What to work on: Repeat all of the data word for word so that only the pictures are missing from the copy.
**** Source material
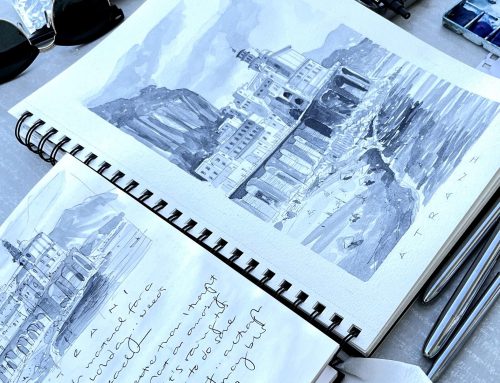Atrani on the Amalfi Coast.  A black and white painting tutorial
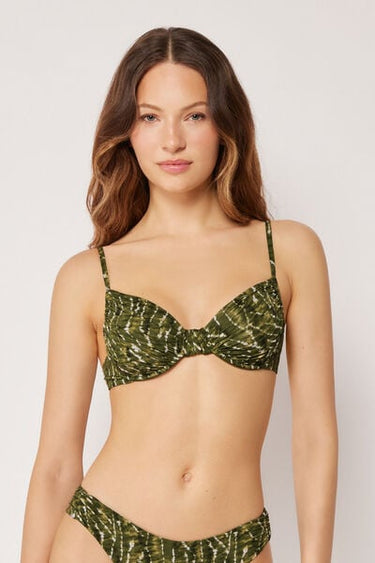 Balconette Bikini Top Natural Tie-Dye
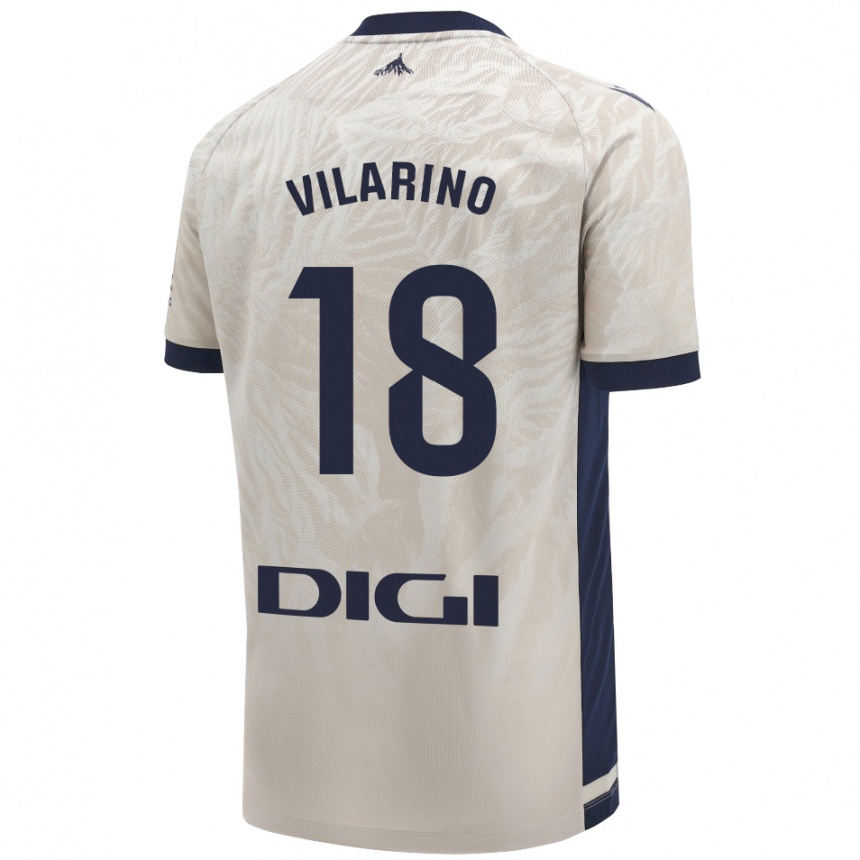 Niño Fútbol Camiseta Maitane Vilariño #18 Gris Claro 2ª Equipación 2024/25 Perú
********
Result for this exercise:
Atrani on the Amalfi Coast.  A black and white painting tutorial
 Balconette Bikini Top Natural Tie-Dye
 Niño Fútbol Camiseta Maitane Vilariño #18 Gris Claro 2ª Equipación 2024/25 Perú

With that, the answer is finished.